There’s no denying the visually arresting look of “Blonde” as director Dominik and cinematographer Chayse Irvin toggle between noirish black-and-white, saturated Technicolor and varying aspect ratios to recreate the look and style of famous Monroe vehicles such as “Gentlemen Prefer Blondes,” “The Seven-Year Itch” and “Some Like It Hot.” But we get only glimpses of Marilyn’s acting and what made her such a star, as the story focuses primarily on her offscreen world — and that’s when the tricks go off the rails, with Dominick indulging in such over-the-top visuals as an orgasm depicted by the waterfall in “Niagara,” a number of in-utero fetus shots that bring up haunting memories of “2001: A Space Odyssey,” and a grotesque scene in which an arrogant, dismissive and cruel President John F. Kennedy (Caspar Phillipson) remains on the phone and forces a highly intoxicated Marilyn to perform fellatio as he verbally abuses her, while he watches the launch of the Friendship 7 rocket on television. (Subtle.)
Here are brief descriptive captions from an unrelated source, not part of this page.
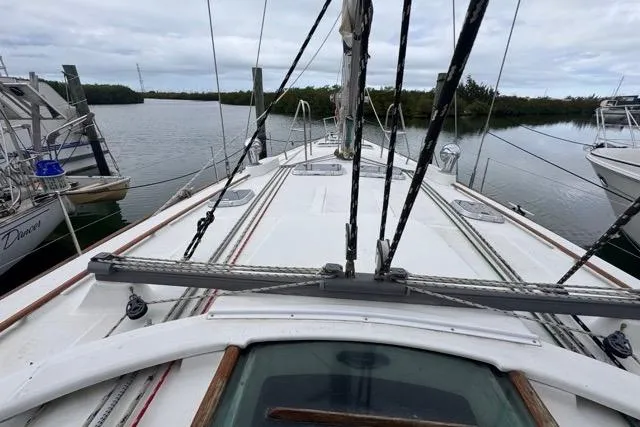 Slide: The Image of Deck view of a 1996 Beneteau 50 sailboat docked in a marina. - 53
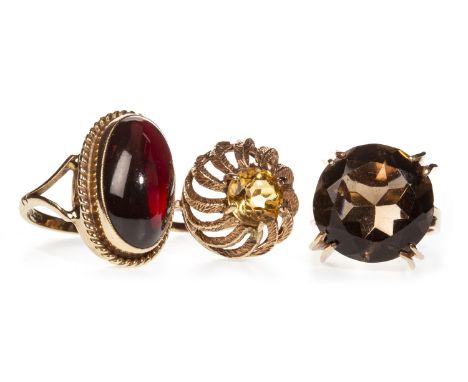THREE LATE 20TH CENTURY DRESS RINGS, including one set with an oval cabochon red gem, in nine carat gold, size K, two in nine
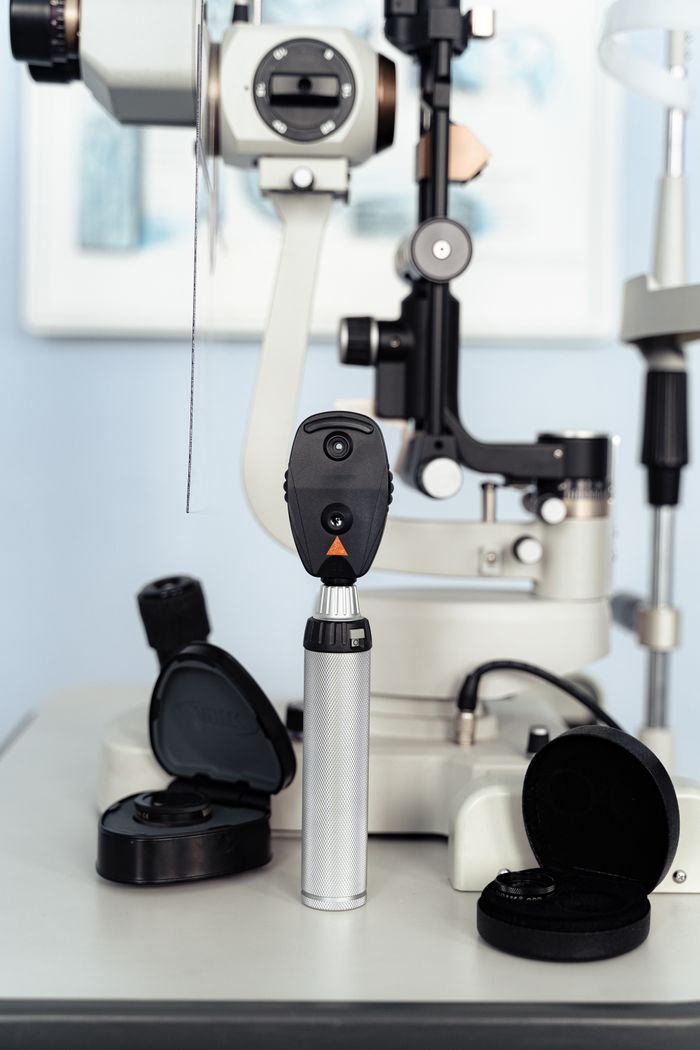 Close-up of ophthalmic equipment for eye exams in a clinical setting.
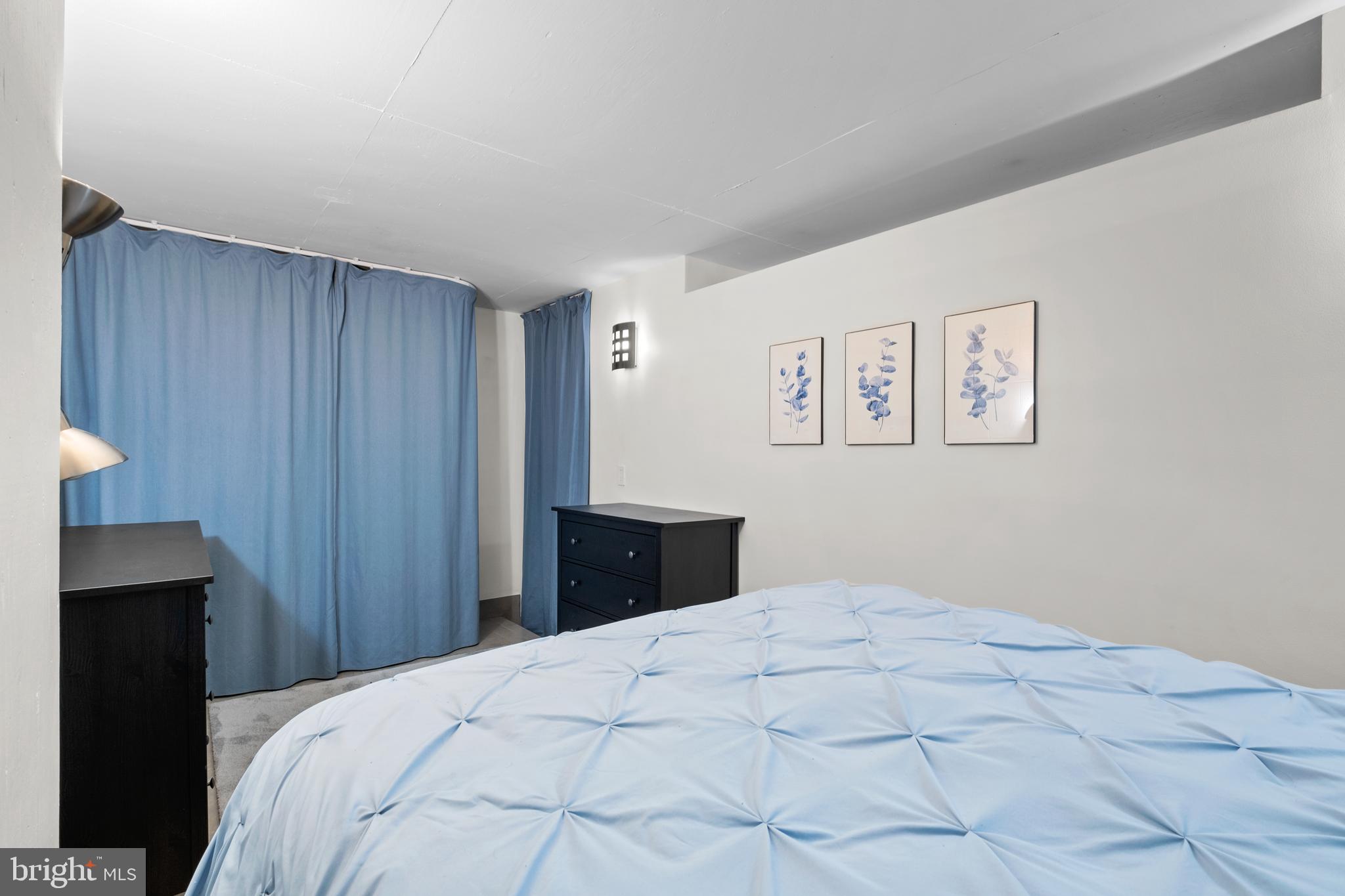 1133 14th Street Northwest, Unit 210 Washington, DC 20005 - Photo 15 of 34 a bedroom with a bed and a painting on the wall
It’s important to remember “Blonde” is based on Joyce Carol Oates’ highly impressionistic novel, and while it features many of the real-life people and events from Marilyn’s life, much of it is pure fiction, e.g., an interlude in which Marilyn enters into a three-way relationship with the sons of two movie stars: Charles “Cass” Chaplin Jr. (Xavier Samuel) and Edward G. Robinson Jr. (Evan Williams), a couple of handsome playboys who briefly seem to make Marilyn happy. (Though a late reveal tells us one of the men played a stunningly cruel trick on Marilyn that went on for years.)
The film hammers home Marilyn’s issues with the father she never met time and again; she calls her husbands Joe DiMaggio (Bobby Cannavale) and Arthur Miller (Adrien Brody) “daddy,” and is desperately eager to please them. (DiMaggio is depicted as a simpleton who flew into jealous rages and physically beat Marilyn, while Miller is a mostly sympathetic character, though he seems to love the idea of Marilyn more than the real woman and is helpless to cope with her addictions and delusions.)
Ana de Armas has movie-star looks and legitimate acting chops, and with the great assistance of the hair and makeup and costume departments, she bears a startling resemblance to Marilyn Monroe. (At times, de Armas’ Cuban accent does slip through.) It must have been exhausting for de Armas to play this role; when Marilyn is not crying violently, she’s suffering physical and/or verbal abuse, or literally collapsing in a heap from abuse of alcohol and drugs, or suffering a miscarriage, or enduring an abortion that is depicted like something out of a Stephen King adaptation. It’s a memorable performance in a film that wants to dazzle us with its trick bag of visuals but is rotten at its core.